Elite is often interchanged with alliterative labels like “Latte Liberals” and “Limousine Liberals”. These monikers conjure an image promoted by those on the right- that there are a bunch of out of touch wealthy people who condescendingly “know what’s best”.

They are really trying to say that the elite are people who are wealthier than you and have an educated smugness that is arrogant and are people to whom the “average” American cannot relate. Suddenly education and intelligence are bad things. I thought the average American aspired to have their children go to college and do better and I thought we wanted to give the message that education is a good thing.

Let’s assume that the “elite” are informed and educated – an assumption on which most of those who deride the “elite” agree.
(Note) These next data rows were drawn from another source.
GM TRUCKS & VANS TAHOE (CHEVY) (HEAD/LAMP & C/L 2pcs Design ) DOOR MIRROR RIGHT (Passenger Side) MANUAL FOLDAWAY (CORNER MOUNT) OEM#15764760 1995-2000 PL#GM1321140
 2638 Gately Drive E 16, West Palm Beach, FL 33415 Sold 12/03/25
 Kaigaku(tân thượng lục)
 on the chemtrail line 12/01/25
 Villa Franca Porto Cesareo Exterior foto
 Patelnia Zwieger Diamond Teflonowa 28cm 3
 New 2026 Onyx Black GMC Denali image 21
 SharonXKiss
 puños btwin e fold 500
What on earth is wrong with educated and informed people? What is wrong with an electorate engaged in the issues rather than campaign imagery? What is wrong with people who don’t swallow sound bites and talking points whole cloth from either the White House or the Speaker of the House? Quite frankly – I want a president who is the smartest person in the room, someone much smarter than me, someone who has encyclopedic knowledge and who is capable of strong nuanced thinking. Do I want a president who is educated and smart, ergo “elite”? Damn straight!

But there is a something else attached to this “elite” myth. It makes it sound like those of us with good educations and hold liberal views are living in ivory towers or at least in gated communities. Not true.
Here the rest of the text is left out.